### [Directions]
Within the entries below, find every line that has the string "Suites", then copy it.

### [Data under study]
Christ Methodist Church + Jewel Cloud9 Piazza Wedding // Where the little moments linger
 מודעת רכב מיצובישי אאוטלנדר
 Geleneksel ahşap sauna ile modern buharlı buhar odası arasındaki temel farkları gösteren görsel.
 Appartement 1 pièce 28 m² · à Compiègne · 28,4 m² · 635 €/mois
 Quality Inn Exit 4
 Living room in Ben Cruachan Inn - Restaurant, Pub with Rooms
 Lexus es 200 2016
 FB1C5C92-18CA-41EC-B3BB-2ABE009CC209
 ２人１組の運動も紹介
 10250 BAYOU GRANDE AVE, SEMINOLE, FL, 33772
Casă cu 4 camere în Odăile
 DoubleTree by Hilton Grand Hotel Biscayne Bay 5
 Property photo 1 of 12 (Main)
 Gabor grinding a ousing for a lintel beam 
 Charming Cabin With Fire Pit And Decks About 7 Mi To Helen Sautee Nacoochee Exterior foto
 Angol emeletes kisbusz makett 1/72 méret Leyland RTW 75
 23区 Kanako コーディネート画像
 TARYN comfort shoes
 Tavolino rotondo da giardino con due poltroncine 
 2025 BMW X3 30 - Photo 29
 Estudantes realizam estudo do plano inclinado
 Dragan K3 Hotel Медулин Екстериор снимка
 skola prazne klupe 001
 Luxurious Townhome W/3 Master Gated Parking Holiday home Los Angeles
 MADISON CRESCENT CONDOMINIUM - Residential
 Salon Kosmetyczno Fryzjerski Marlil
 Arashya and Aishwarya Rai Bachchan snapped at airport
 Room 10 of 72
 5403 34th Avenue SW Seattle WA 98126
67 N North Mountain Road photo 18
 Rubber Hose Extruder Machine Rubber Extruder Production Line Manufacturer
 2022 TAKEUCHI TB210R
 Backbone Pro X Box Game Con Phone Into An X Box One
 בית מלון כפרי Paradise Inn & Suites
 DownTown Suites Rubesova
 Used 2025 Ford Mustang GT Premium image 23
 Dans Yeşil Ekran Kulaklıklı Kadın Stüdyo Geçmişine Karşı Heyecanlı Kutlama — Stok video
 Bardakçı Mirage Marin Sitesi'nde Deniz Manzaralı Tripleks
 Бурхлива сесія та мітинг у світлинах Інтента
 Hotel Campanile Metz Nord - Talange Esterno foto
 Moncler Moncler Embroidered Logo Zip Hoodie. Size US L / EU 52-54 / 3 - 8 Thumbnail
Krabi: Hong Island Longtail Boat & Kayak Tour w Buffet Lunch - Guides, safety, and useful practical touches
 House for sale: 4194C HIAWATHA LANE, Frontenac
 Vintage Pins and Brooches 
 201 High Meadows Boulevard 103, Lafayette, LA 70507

### [Output below]
 בית מלון כפרי Paradise Inn & Suites
 DownTown Suites Rubesova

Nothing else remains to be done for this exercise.